After putting nearly all of its eggs in one virtual basket, Meta is now looking for ways to make the metaverse a place that people actually want to visit, starting with giving users a surprisingly easy way to digitize themselves as a virtual reality avatar using just the hardware in their smartphone.
Digital stunt doubles are more popular than ever in Hollywood, but as more than just a safer way to make the action on screen more exciting. Recreating many of Marvel’s comic book costumes in the movies can often only be achieved through digital doubles (assuming you don’t want to pay unions). Creating such doubles, right now, requires large teams of talented visual effects artists and specialized equipment, all of which come together to digitize an actor’s performance. That includes giant sound stages covered in tracking cameras, with actors having to wear special suits and makeup so their facial features can be accurately captured and reproduced. It’s expensive and complicated, which is why most online avatars look like cartoonish caricatures that barely resemble the person they’re representing. That, or you can commission an expensive vtuber rig, but even then you won’t look like a real human being.
If users are really going to start spending more time in the metaverse, it has to be more engaging, and one way to make virtual experiences with friends more enjoyable is for them to actually look like your friends. But no one wants to spend hours trying to recreate themselves in an elaborate avatar customizer, nor does Meta want to invite its billions of users to a VFX studio to get digitized. The better approach is to leverage the technology everyone already has access to, and for most Facebook users, that’s a smartphone.
In a paper that will be presented at the Siggraph 2022 conference in Vancouver, British Columbia in August, a team of researchers from Meta’s Reality Labs detail a new approach to digitizing a human’s appearance and then generating a fully 3D model capable of expressing a wide range of emotions: something the company has been working on for years. In 2019, Facebook researchers used a giant rig called Mugsy, featuring 171 high-res cameras inside a giant sphere, to capture the necessary imagery to generate these 3D avatars. It recorded 180 GB of data every second, and required the person being digitized to sit in the center of the camera sphere for about an hour while reading scripts and making weird faces. It produced great results, but was simply not a practical way to digitize the masses.
Three years later, the Mugsy rig can be replaced with a recent generation smartphone’s front-facing selfie camera. Instead of spending an hour in a chair surrounded by hundreds of cameras, users simply have to pan their smartphone across their face, from side-to-side, and then recreate a series of 65 specific facial expressions. The researchers say the process now takes about three-and-a-half minutes, and using a neural network that was previously trained on the 3D facial data captured from 255 diverse subjects inside a camera rig similar to Mugsy, the new approach can generate surprisingly lifelike 3D avatar models.

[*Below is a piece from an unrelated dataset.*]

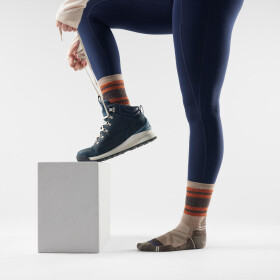 Unisex merino ponožky SMARTWOOL Hike Full Cushion Lolo Trail Crew Socks, Fossil velikost: 42-45 (L)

The process still isn’t instant. Once the face scans and various expressions have been performed and captured, a computer with serious number-crunching capabilities still needs about six hours to render the results. But this is once again where the cloud shows its usefulness, as individual users won’t require a high-end PC at home—all the rendering can be done somewhere else. The process also won’t work if someone is wearing glasses, and it does a bad job at recreating long hair. It also only works on heads, so while the 3D avatars created might look realistic enough to finally escape the uncanny valley, only interacting with your friends and family’s disembodied heads is still going to bring with it some level of creepyness.